El actual gobierno de la presidente Claudia Sheinbaum se ha visto rebasada por el fenómeno, y aunque Estados Unidos ha presionado al actual gobierno federal, los resultados han sido más mediáticos y para el exterior, que en realidad para solucionar la situación internamente. El anuncio de las seis acciones para atender esta crisis que se realizó al inicio de esta semana, y que consisten en fortalecer a la Comisión Nacional de Búsqueda, hacer reformas legislativas y generar nuevos protocolos, no parecen ser una respuesta efectiva y pronta frente a la magnitud de la problemática que sigue ocurriendo diariamente en muchas zonas del país, principalmente en el norte y occidente del territorio mexicano, y a la cual se han sumado últimamente estados del sureste.

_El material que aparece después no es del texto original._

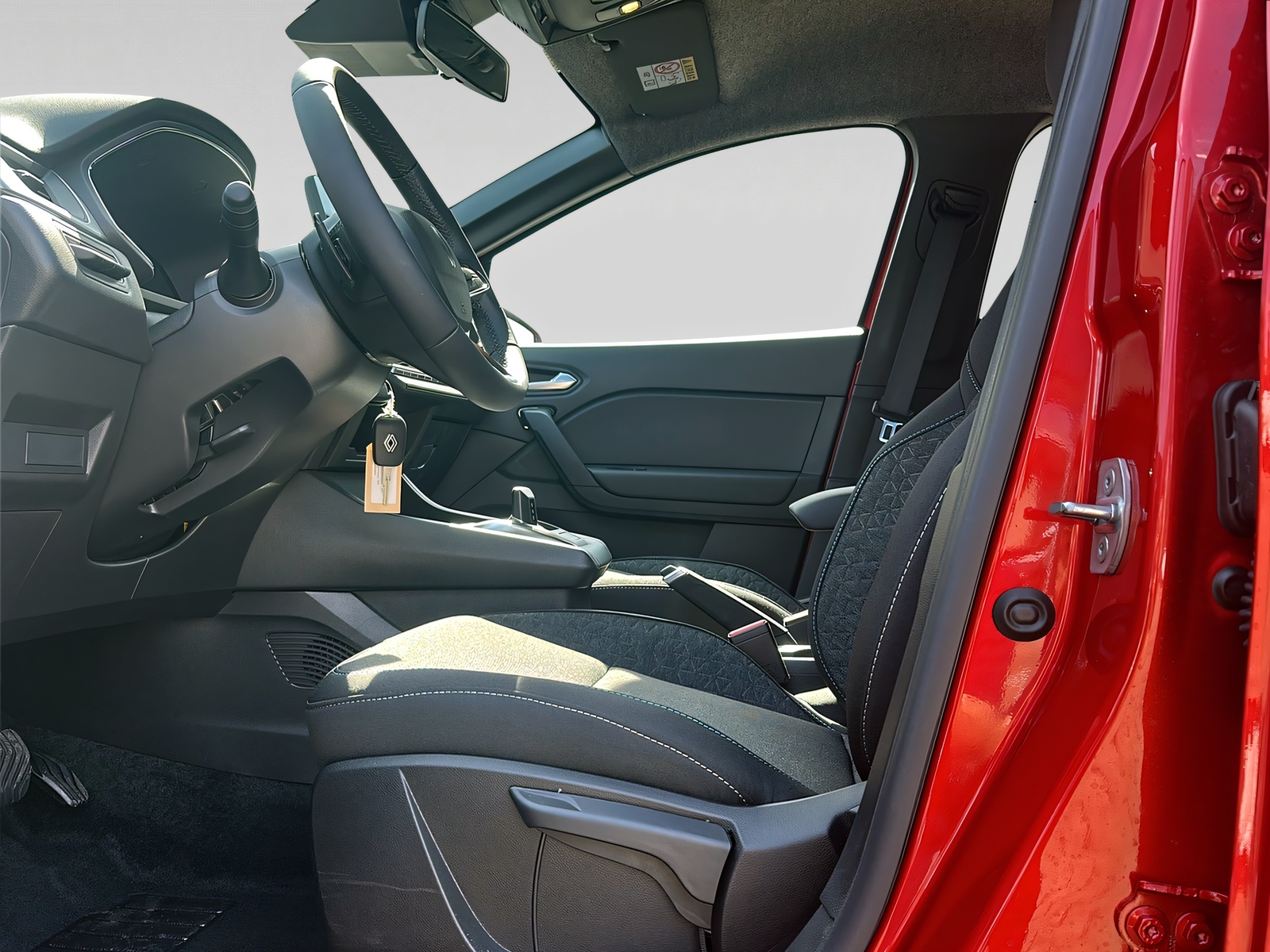 RENAULT Captur 1.3 TCe 140 evolution EDC-image-4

Hoy, la acción de los grupos de personas buscadoras es lo que nos permite visibilizar este grave problema. Sin embargo, ello pone en riesgo la vida de los familiares de los desaparecidos, pero sobre todo, genera un hoyo negro en las investigaciones y carpetas judiciales, pues técnicamente los descubrimientos de evidencias por estos grupos, podrían estar afectados formalmente para ser considerados como datos de prueba en las fiscalías y juzgados, porque se rompen protocolos como la cadena de custodia, lo cual es una enorme piedra en el zapato para que avancen los procesos.
Esto, aunado a la falta de empatía y simpatía (la primera es racional y la segunda emocional), de algunas figuras políticas del régimen, que ven cómo un ataque directo a Morena y a su líder moral, el reclamo y la indignación social ante tales posturas. Recordemos la reciente frase de Sheinbaum de ‘ya déjenlo en paz’, o las desatinadas declaraciones del presidente del Senado, Fernández Noroña.
La violencia desatada por el crimen organizado ha generado una crisis humanitaria en México. Comunidades enteras han sido desplazadas, y el miedo se ha convertido en parte de la vida cotidiana para muchos ciudadanos. Las familias de desaparecidos enfrentan no solo el dolor de perder a sus seres queridos, sino también la indiferencia de las autoridades y la incertidumbre sobre el paradero de sus familiares. El impacto psicológico y emocional es devastador, y el estigma que rodea a las víctimas también contribuye a la marginación social. Las madres buscadoras, quienes recorren el país en busca de fosas clandestinas, se han convertido en símbolos de resistencia y dignidad frente a la impunidad.
La crisis de seguridad y derechos humanos que enfrenta México requiere una respuesta firme, integral y coordinada. El aumento de la violencia y la crisis de desapariciones forzadas no solo reflejan el poder del crimen organizado, sino también las debilidades estructurales del Estado mexicano. La sociedad civil ha demostrado ser un pilar fundamental en la búsqueda de justicia y verdad, pero esta lucha no puede recaer únicamente en las víctimas. Es responsabilidad del Estado garantizar el derecho a la vida, la seguridad y la justicia para todos los ciudadanos. México enfrenta una encrucijada: o se apuesta por políticas públicas firmes y eficaces, o se corre el riesgo de que la violencia y la impunidad se consoliden como un lastre perpetuo en la historia del país.